EXERCISE REQUIREMENTS:
What you return should be only the lines in the entries below between the one holding "Sugar Bowl, 8-3/4 oz." and the one holding "Napájačka pre hydinu UH 4 L", ends included, with every picture left out.

SUPPLIED RECORDS:
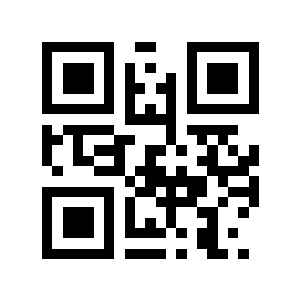 猜边二维码生成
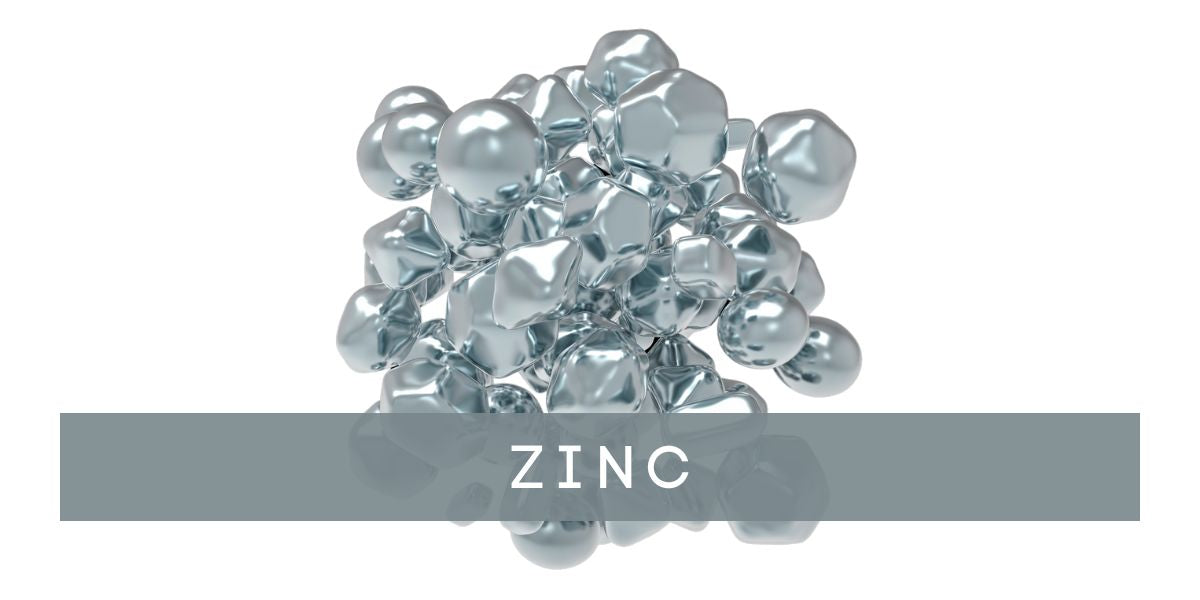 Zinc_1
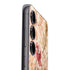 Marble End by William Kilburn Galaxy S25 Plus Skin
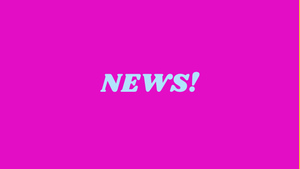 Big News: India Sourcing Trip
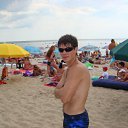 ���� ������, ��������, 36 ��� - ��������� 28 ������ 2011 � ������ ����
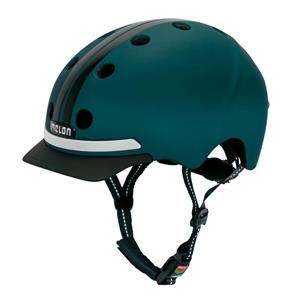 Melon Helm E-Series Nightliner XL-XXL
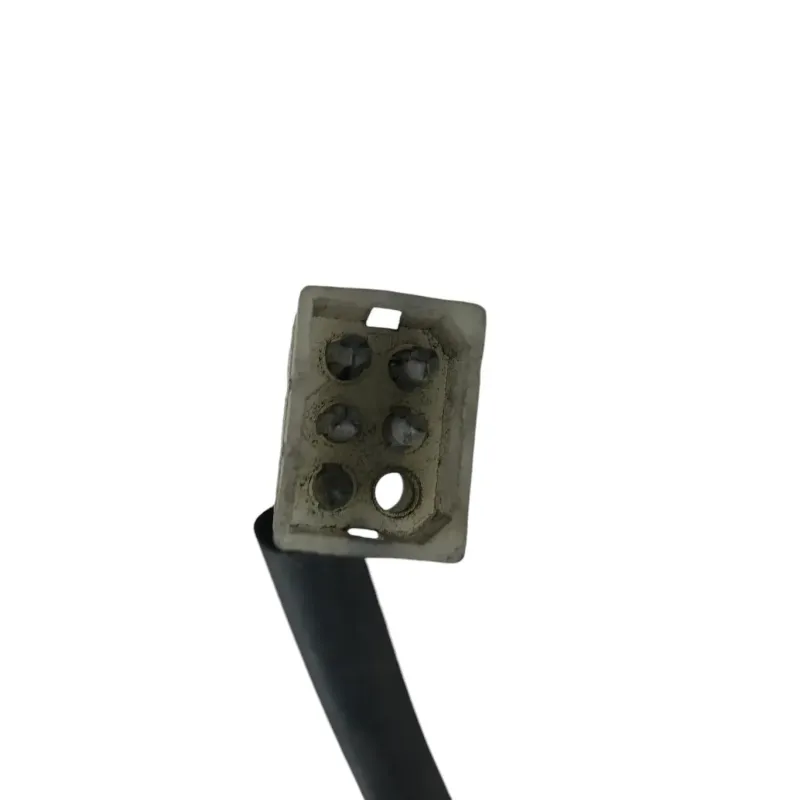 Garde boue arriere APRILIA SCARABEO 125 1999-2004 ROTAX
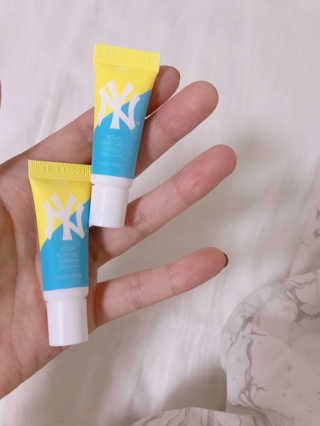 뀨뀨님이 올린 리뷰 사진 3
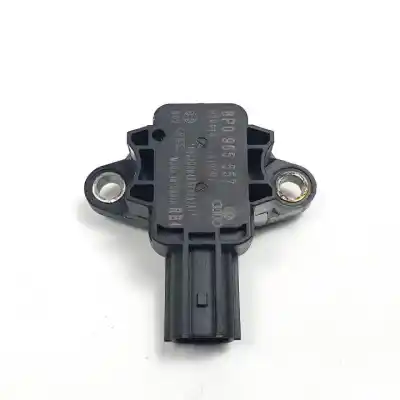 Автозапчасти б/у датчик за audi a4 avant (8e) bpw ссылки oem iam 8p0955557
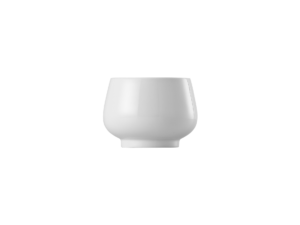 Sugar Bowl, 8-3/4 oz.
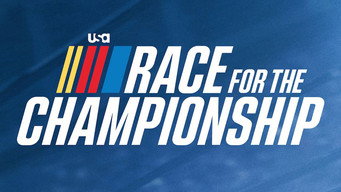 Race for the Championship (2022- )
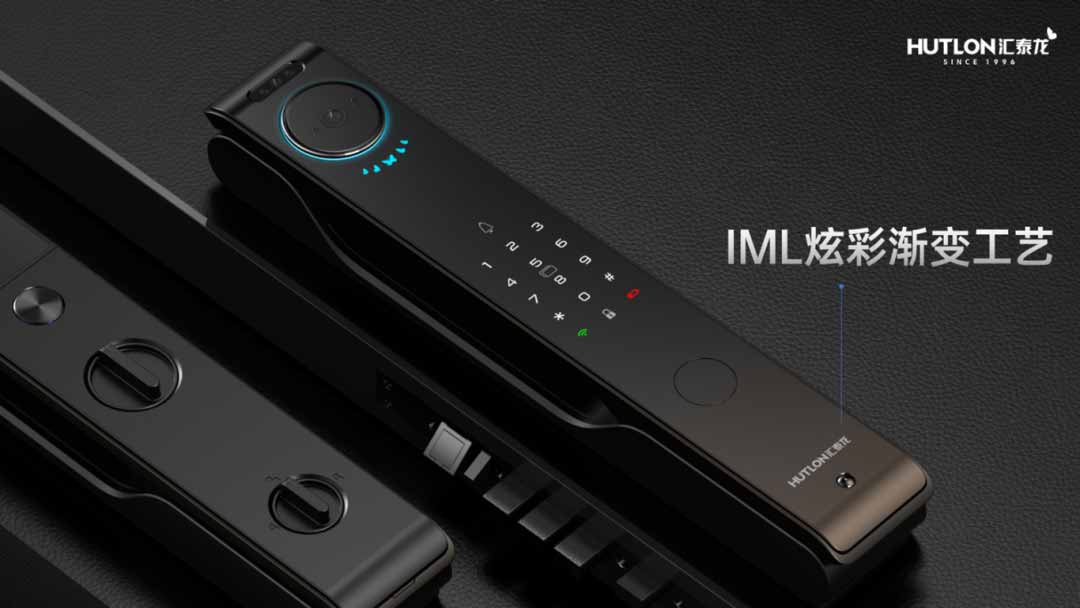 1719193543107321.jpg 4.jpg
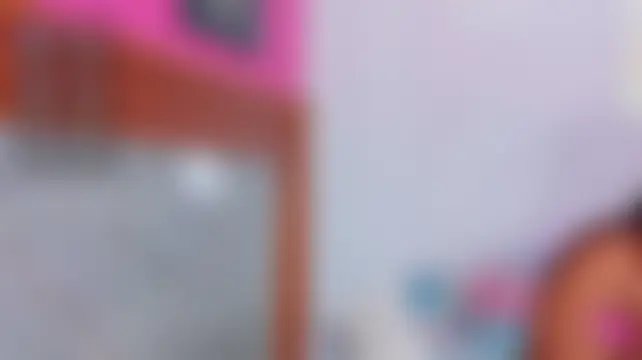 matureahomegirl Webcam-Show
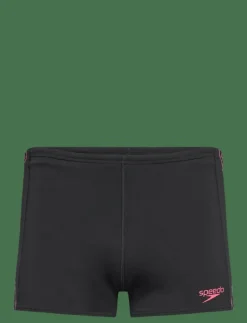 Mens Tech Panel Aquashort - Briefs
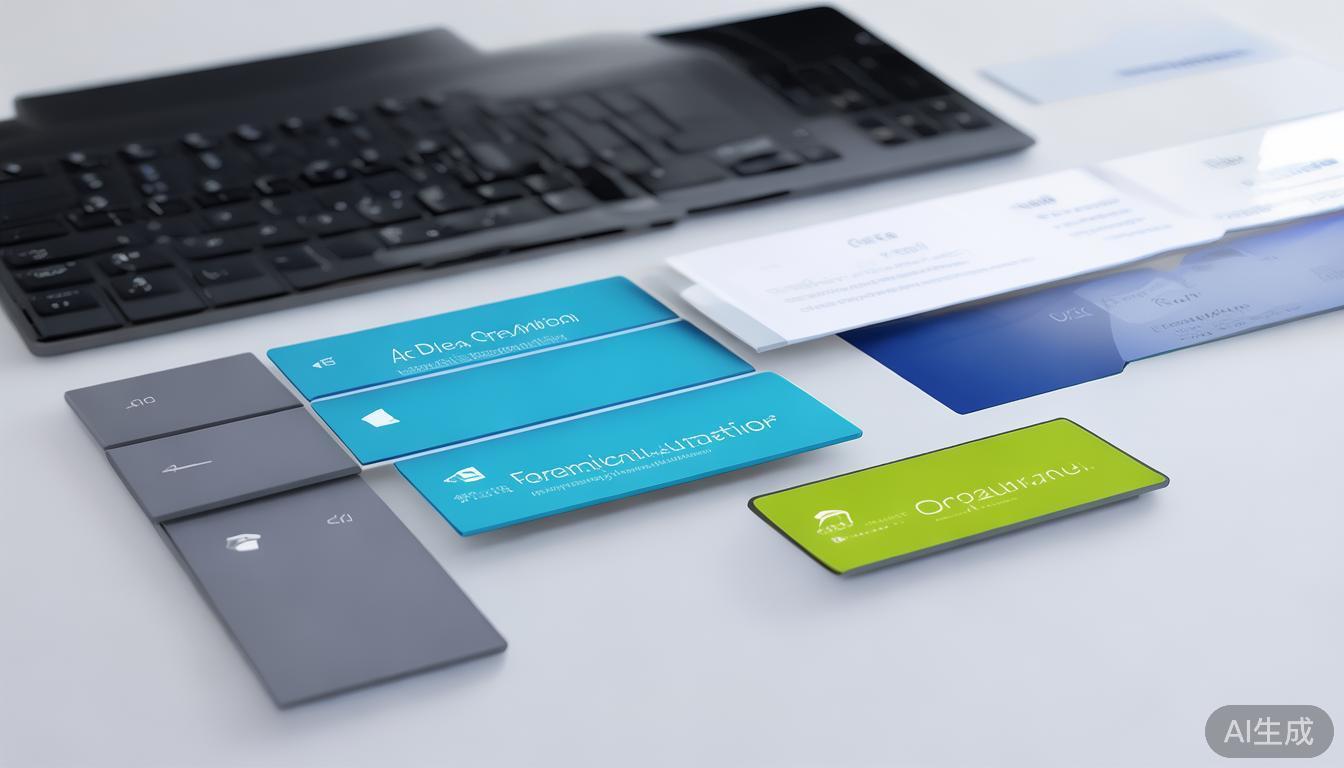 tp官方正版下载创新功能解析_解析工具官网_解析软件是什么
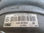 28630 servofreno Mercedes Benz vaneo 17 cdi 2003 / A0054301530 / para mercedes-b - Foto 3
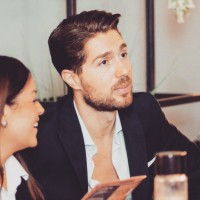 Gilberto Esposito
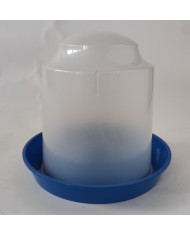 Napájačka pre hydinu UH 4 L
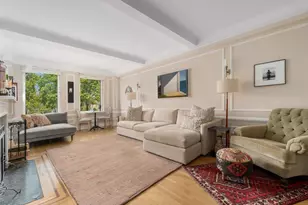 322 Central Prk W, New York, NY 10025 - Photo 2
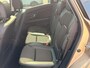 Renault Scenic TCe 140 Intens | Camera | Navigatie | Trekhaak |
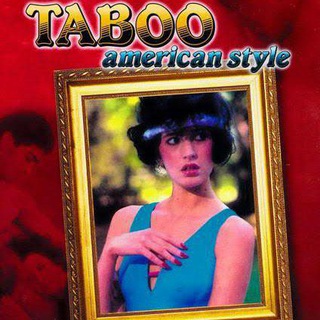 (18+) Taboo American style All Parts
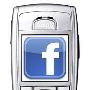 MWC2011：Gemaito 将推出结合 Facebook 的 SIM 卡，一般手机也能随时加入时尚社交圈啰～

RESPONSE TO THE EXERCISE:
 Sugar Bowl, 8-3/4 oz.
 Race for the Championship (2022- )
 1719193543107321.jpg 4.jpg
 matureahomegirl Webcam-Show
 Mens Tech Panel Aquashort - Briefs
 tp官方正版下载创新功能解析_解析工具官网_解析软件是什么
 28630 servofreno Mercedes Benz vaneo 17 cdi 2003 / A0054301530 / para mercedes-b - Foto 3
 Gilberto Esposito
 Napájačka pre hydinu UH 4 L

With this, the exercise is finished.